Assorted optimizations #62

debrouxl · 2017-09-01T15:07:10Z

Together, these commits shave more than 33500 bytes, i.e. more than 4.7%, over the size of the ARM binary compiled by the arm-none-eabi toolchain packaged by Debian unstable (GCC 6.3.1, binutils 2.28). They optimize the source code's size, too, but that doesn't matter :D
More than half of the optimization potential of an old version of this PR was destroyed by integrating #123 - essentially, my optimizations mostly remain, but jacobly's have disappeared.

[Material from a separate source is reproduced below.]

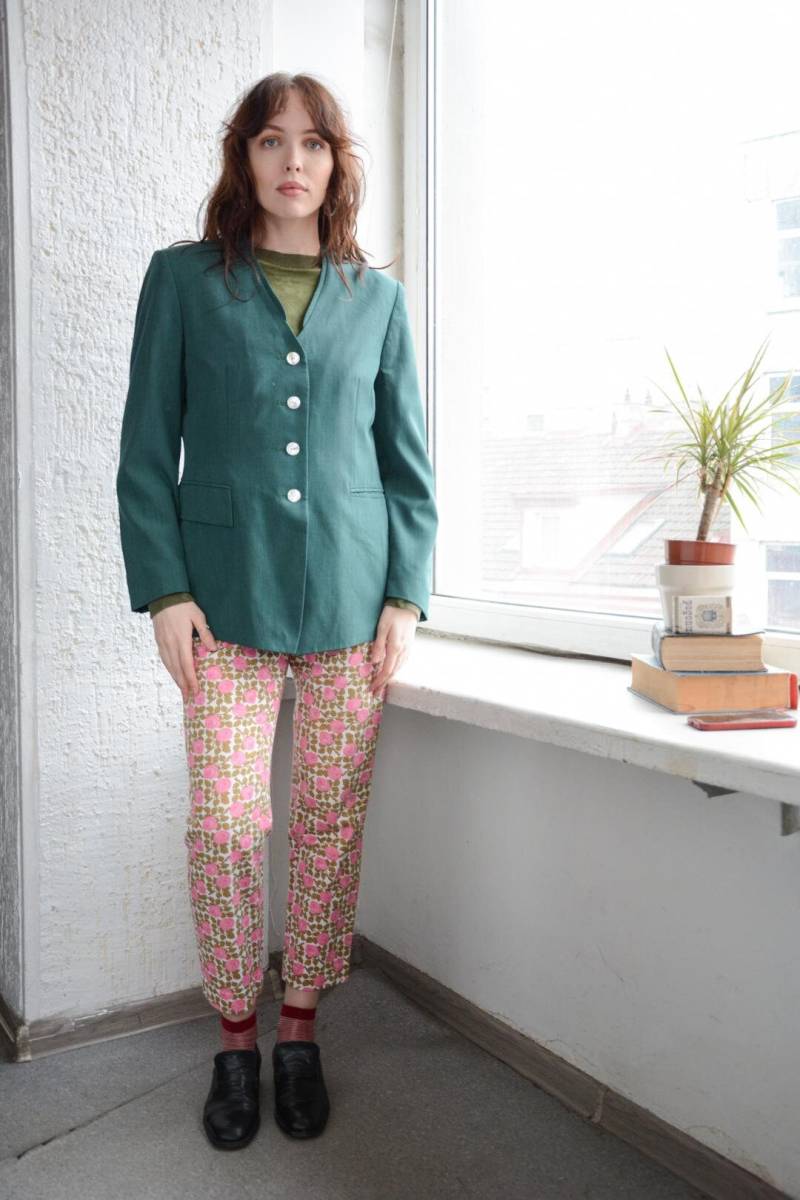 Vintage Grüner Woll Blazer von WardrobeQueenVINTAGE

Premature optimization is known to be bad... but so is letting known pessimization patterns (e.g. copying nontrivial classes such as Complex by value when const references do the job, copy-paste jobs, letting hundreds of trivial constructors / getters / setters / action methods out of line) stay, grow and multiply in the code base :)

I am well aware that the pull request contains way too many commits, and that some of those commits are very large (despite some splitting work). As long as I hadn't signed that that stupid, counter-productive CLA that you insist on people signing, it wasn't much of an issue, as you wouldn't have looked at the code anyway ;)
Before I signed the CLA, you couldn't integrate those changes even if they were coming from other persons (and in fact, you probably independently reinvented several changes on your side - as I wrote below, I noticed it when fixing conflicts), unless said changes were suggested by other persons before I implemented them, as occurred with a couple ideas from jacobly. But the code can still be useful to other persons for their own purposes, and can be subject to review, in the meantime.

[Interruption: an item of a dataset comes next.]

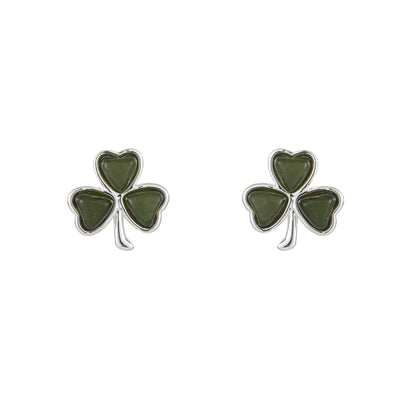Shamrock Inlaid Marble Earrings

CLAassistant · 2017-09-01T15:07:16Z

All committers have signed the CLA.

debrouxl · 2017-12-10T19:58:41Z

I've finished the rebase onto current master @ 8c37e8a .

Most of the optimizations I performed several months ago on 1.1.x remain valid, under some form, on 1.2.x. The largest conflicts were, probably as expected, in Poincare. The absolute savings of this PR are nearly 2 KB higher in 1.2.x than in 1.1.x, partially because I added some more optimizations, but as the whole code base is significantly larger, the relative savings are lower (5.8% -> 5.3%).

The number of patches was reduced from 18 to 16 by squashing two consecutive patches together, as well as removing a patch which added -fno-math-errno to the build flags - that used to be an optimization, it's now a 8-byte pessimization. However, the modified file count raised by several dozens.

Resolving some of the conflicts showed that a tiny subset of my changes was integrated upstream, probably independently reinvented, after I published them ;)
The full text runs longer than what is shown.